Nessa construção de uma língua de medonhos, os cartilheiros, de forma criminosa e proposital, colocaram de lado os mais de 400 mil verbetes da Língua Portuguesa, uma das mais ricas do mundo em vocabulário, e elegeram apenas algumas palavras e expressões agasalhadas com o manto de “corretas”. Numa negação ausente de vergonha e pejo do próprio desenvolvimento histórico de nossa língua, que costuma dar palavra precisa para cada coisa.

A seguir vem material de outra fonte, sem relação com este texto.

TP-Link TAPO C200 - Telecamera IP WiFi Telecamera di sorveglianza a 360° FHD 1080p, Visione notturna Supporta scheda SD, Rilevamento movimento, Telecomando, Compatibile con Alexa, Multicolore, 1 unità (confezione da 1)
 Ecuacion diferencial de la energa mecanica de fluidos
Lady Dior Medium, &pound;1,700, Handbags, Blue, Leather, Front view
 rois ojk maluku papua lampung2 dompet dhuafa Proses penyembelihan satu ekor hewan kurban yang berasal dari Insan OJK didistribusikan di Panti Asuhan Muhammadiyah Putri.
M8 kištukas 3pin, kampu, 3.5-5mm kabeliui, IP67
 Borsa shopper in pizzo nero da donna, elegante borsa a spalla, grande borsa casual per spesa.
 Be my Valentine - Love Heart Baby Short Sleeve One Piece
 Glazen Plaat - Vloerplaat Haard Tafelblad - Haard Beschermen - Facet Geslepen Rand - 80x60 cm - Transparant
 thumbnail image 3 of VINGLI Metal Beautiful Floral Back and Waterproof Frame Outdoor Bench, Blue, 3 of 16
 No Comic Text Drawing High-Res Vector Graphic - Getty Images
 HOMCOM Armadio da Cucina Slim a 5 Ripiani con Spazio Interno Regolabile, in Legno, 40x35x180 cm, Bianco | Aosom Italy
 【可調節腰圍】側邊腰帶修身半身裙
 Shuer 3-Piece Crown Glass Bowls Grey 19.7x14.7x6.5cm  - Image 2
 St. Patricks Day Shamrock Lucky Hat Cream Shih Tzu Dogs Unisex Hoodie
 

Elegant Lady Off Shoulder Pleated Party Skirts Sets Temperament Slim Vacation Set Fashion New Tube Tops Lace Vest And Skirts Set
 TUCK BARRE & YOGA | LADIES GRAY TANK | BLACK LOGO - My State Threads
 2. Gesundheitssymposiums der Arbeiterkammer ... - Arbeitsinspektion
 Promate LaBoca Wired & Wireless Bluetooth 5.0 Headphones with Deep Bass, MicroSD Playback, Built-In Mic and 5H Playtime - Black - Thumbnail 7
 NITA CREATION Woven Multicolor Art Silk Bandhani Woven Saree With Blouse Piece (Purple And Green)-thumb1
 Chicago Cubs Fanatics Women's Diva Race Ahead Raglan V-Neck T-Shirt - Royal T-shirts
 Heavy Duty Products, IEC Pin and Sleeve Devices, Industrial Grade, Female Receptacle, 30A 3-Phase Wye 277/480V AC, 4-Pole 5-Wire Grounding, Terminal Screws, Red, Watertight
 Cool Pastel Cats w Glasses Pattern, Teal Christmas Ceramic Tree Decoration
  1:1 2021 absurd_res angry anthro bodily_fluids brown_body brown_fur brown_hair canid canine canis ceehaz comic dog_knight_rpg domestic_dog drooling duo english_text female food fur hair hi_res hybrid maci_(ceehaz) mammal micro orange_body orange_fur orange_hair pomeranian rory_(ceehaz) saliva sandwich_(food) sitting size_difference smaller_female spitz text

O grau de insensatez nesse sistema dos cartilheiros petistas, sempre em nome do “politicamente correto”, pode ser verificado no processo em que acusam racista qualquer referência sobre a cor do indivíduo de quem se fala, como sempre foi feito desde o nascimento das bases de nossa língua, ainda no Lácio, há quase três mil anos: o olho do emissor da palavra vê a cor, mas ela, em seu cérebro, é pré-censurada e imediatamente, o emissor tem que apelar para a geografia ou outros aspectos diversos, para descrever o que vê. É a safada substituição da realidade objetiva pela subjetiva.

Assim se dá quando nos deparamos com a descrição de qualquer grupo étnico: branco, negro, amarelo, usando palavras adjetivas, ou seja, que descrevem qualidades e que, repito, pertencem a nosso vocabulário remoto. Porém, em passe de mágica, da noite para o dia, essas palavras “malditas” foram sacadas a fórceps dos dicionários, de modo a não ferir a sensibilidade dos verdadeiros preconceituosos, os próprios cartilheiros petistas, guerrilheiros da hegemonia linguística e do pensamento único, bufos de triste figura a dar curso a seus projetos da destruição das instituições “burguesas”, em especial a família e seus valores adquiridos em longo processo civilizatório.

Ao dar um pontapé no rabo desses petistas cômicos sem graça, o brasileiro tem a chance de se libertar da censura estúpida do próprio pensamento. Pois sabemos que o uso dessas palavras “incorretas” depende de várias circunstâncias, temporais, locais e, principalmente, do tom que são emitidas. De nada adianta usar expressões inventadas para dourar pílulas, se o amargo do verdadeiro preconceito se faz no coração. Não são as palavras que estabelecem o preconceito, são os homens que as pronunciam para ferir. Proibir palavras e censurar o pensamento são violências contra o que se faz mais caro para o cidadão, a liberdade; e a liberdade de pensar começa pela palavra. Pois, pensar é ser.